Kermes’ten Festival’e… Bellek ve sanat
Bugün bellek ve sanat ilişkisinden söz edeceğim... Bergama’da gerçekleşen tiyatro festivalinden, İzmir’de sinemanın tarihini gündeme getiren bir sergi ile bir web belgeselinden ve bir yapımcının sinema anılarından.
İzmir’in tarihi miras açısından en zengin ilçelerinden bir olan Bergama’daydım önceki gün. İzmir’in kazandığı önemli bir festivale tanıklık etmek için. 2500 yıl öncesine uzanan Bergama tarihinde tiyatronun çok özel bir yeri vardır. Diyonisos şenlikleri ile başlayan... Helenistik Dönem ve Roma’nın en önemli şenlikleri ile devam eden serüven, Osmanlı döneminde sessizliğe bürünmüş. Akropol’de ve Asklepion’daki tiyatrolarda oyuncuların sesleri yankılanmaz olmuş. Ama, Cumhuriyet’le birlikte kent geçmiş kültürüne sahip çıkmaya başlamış.
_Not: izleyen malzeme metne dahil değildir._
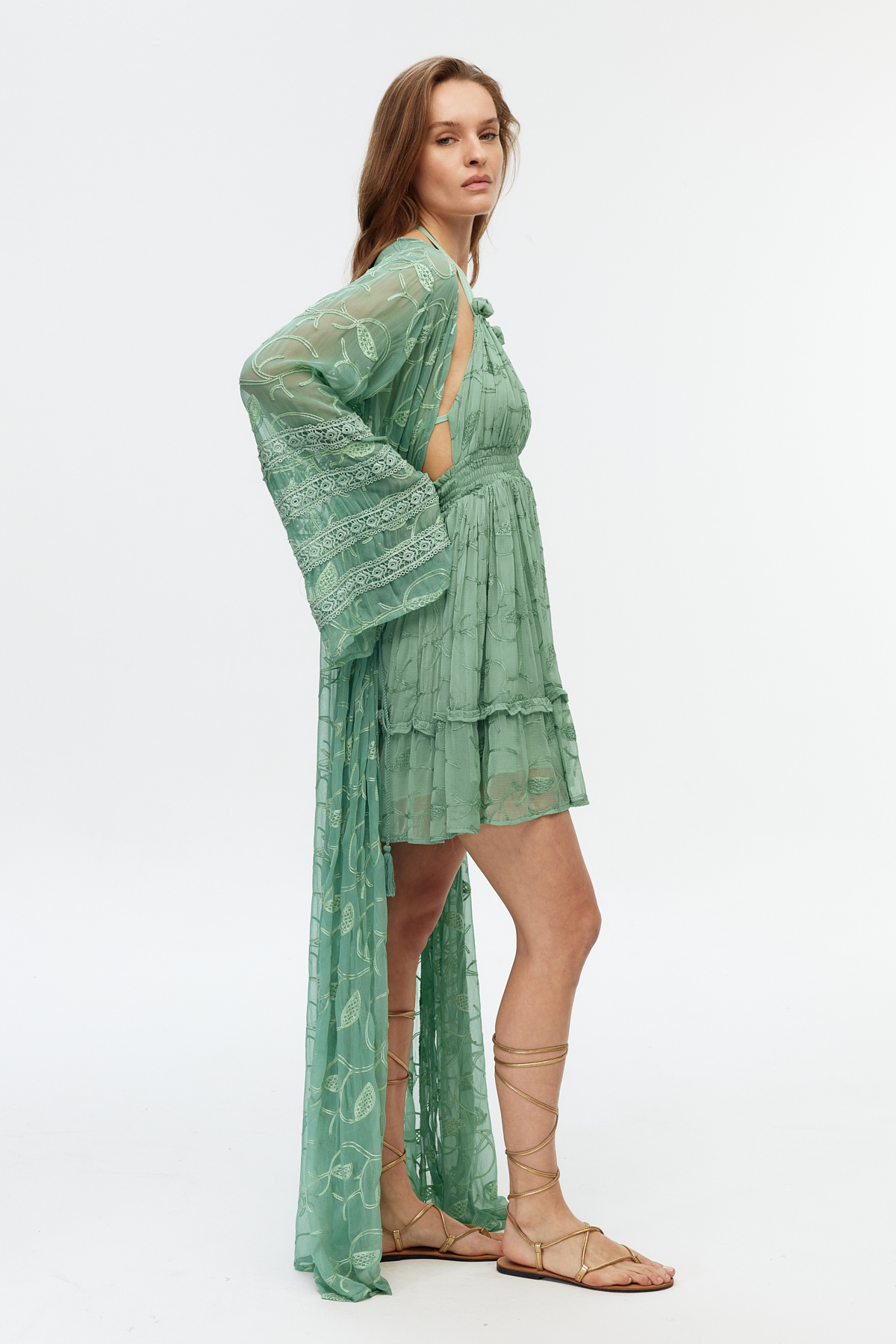 Yeşil şifon dantel detaylı uzun kimono 4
Atatürk, 1934 yılında Bergama ziyaretinde kenti dünyaya tanıtmak için bir şenlik düzenlemesi ihtiyacından söz etmiş. Ve, 1937 yılında ilk Bergama Kermesi gerçekleşmiş. Kermes’in ilk yıllarında sanat, hemen folklorun yanı başında, başköşedeymiş. Devlet Tiyatroları kurulduktan sonra her yıl oyunlar sergilenmiş Bergama’nın o güzelim sahnelerinde. Yanılmıyorsam, Nice Şenliği ile birlikte dünyanın en eski yerel şenliklerinden biri Bergama. Kimi zaman, özellikle sağ partilerin yönetimde olduğu yıllar, Bergama Kermesi panayır niteliğinin ötesine geçememiş ama en azından varlığını sürdürmüş, ona da şükür. Tabi, Sefa Taşkın gibi belediye başkanları Kermesi sanatla siyasetin buluştuğu bir demokrasi şölenine çevirmişler.
BERGAMA VE TİYATRO
Baba ocağı olan Bergama’nın benim yaşamımda önemli bir yeri olduğunu söylememe gerek yok herhalde. Ama, önceki günkü ziyaretimde beni heyecanlandıran yalnızca bu değildi. Dünyanın en önemli tarihsel miraslarından birine sahip olan kentin hak ettiği konuma bir adım da olsa yaklaştığını görmekti beni heyecanlandıran. Bergama Tiyatro Festivali’nin direktörü Eren Arıkan’la festivalin kente kazandırabileceklerinden, Berlin - Bergama ilişkisinden, festivalin ‘yerelleşme’, ‘sektörleşme’ ve ‘sürdürülebilirlik’ gibi ilkelerinden, çocuklara ve gençlere verdiği önemden söz ettik.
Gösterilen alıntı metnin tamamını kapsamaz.